N Is for Negative Capability

I was thinking that N might be for Narrative, but then I read the “N Is for Narrative” I posted during the 2017 A to Z Challenge in this blog and thought No way could I surpass that.

I’ve had thoughts like that recently when rereading stuff I wrote 40 years ago. Has it all been downhill from there? I can’t help wondering. At the same time, I see in those long-ago essays and poems strong traces of who and where I was at the time, what I was reading, what my friends and I were talking about, what I thought was so important I was moved to write about it. Moral of story: Write it now. Don’t put it off.

So Narrative was out. The obvious alternatives, to my mind anyway, were Names and Negative. I could say a few things about names, but the thought didn’t inspire me. “Negative” felt, well, too negative. Not that learning to deal with “no” isn’t crucial for writers. The “no” coming from within can shut us down completely. The “no” coming from publishers, publications, and workshops or courses we were dying to get into can be devastating.

I didn’t want to write about that either. Not now, anyway.

Mulling over “negative,” “negativity,” and “negation” on my walk this morning, I recalled a workshop leader, a poet, talking about “negative capability.” The phrase came from John Keats, but I didn’t remember what it meant. So I looked it up.

The Poetry Foundation includes “negative capability” in its “Glossary of Poetic Terms,” calling it “a theory first articulated by John Keats about the artist’s access to truth without the pressure and framework of logic or science.” The entry goes on: “Contemplating his own craft and the art of others, especially William Shakespeare, in one of his famous letters to relatives Keats supposed that a great thinker is ‘capable of being in uncertainties, Mysteries, doubts, without any irritable reaching after fact and reason.’”

The Wikipedia entry is more enlightening. First it gives the phrase in fuller context: “I mean Negative Capability, that is, when a man is capable of being in uncertainties, mysteries, doubts, without any irritable reaching after fact and reason.” Then it notes, one, that this was the only time Keats used the phrase, and two, that the letter in which it appeared didn’t circulate widely until after Keats’s death (in 1821, of TB, in Rome, at the age of 25).

Aha, think I. All we really have is Keats’s definition: “when a man is capable of being in uncertainties, mysteries, doubts, without any irritable reaching after fact and reason.” All the rest is commentary, some by Keats in his short lifetime and even more in the ensuing three centuries by subsequent scholars, critics, poets, and the like. It must be OK to push all the talk about “beauty is truth and truth, beauty” (from Keats’s “Ode on a Grecian Urn”), about art vs. science and intuition vs. reason, to one side and just focus on what Keats wrote in that letter:

“. . . when a man is capable of being in uncertainties, mysteries, doubts, without any irritable reaching after fact and reason.”

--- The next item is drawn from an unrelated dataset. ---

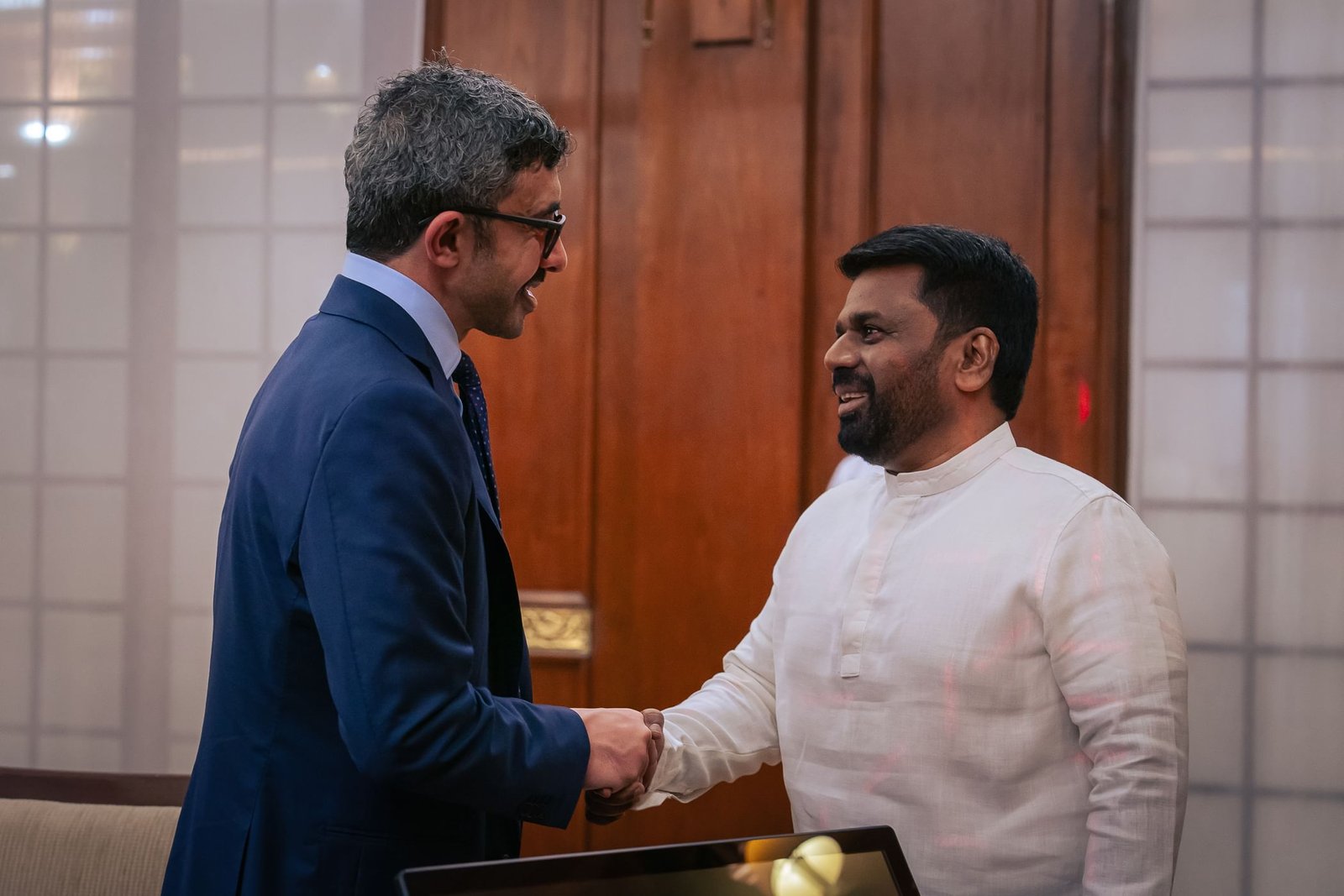 رئيس سريلانكا يستقبل عبدالله بن زايد ويبحثان تعزيز العلاقات الثنائية بين البلدين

Turn that “man” into “poet” or “writer” or “artist,” or “scientist” or “philosopher,” for that matter, and you’ve got it. It’s about being open to what flows into your mind, or what flows through your fingers when you’re freewriting. It may not be fact or reason you’re tempted to reach out after — more likely it’ll be undone dishes or unmade phone calls or the terror of the blank page. The blank page is where it starts.

Negative capability. Openness. Being ready for anything.

L Is for Literature

I was already thinking that L was for Literature or maybe Literary. My thought was to riff on the ways these words are used to exclude, marginalize, and intimidate. I’ve done this before. I could do it again.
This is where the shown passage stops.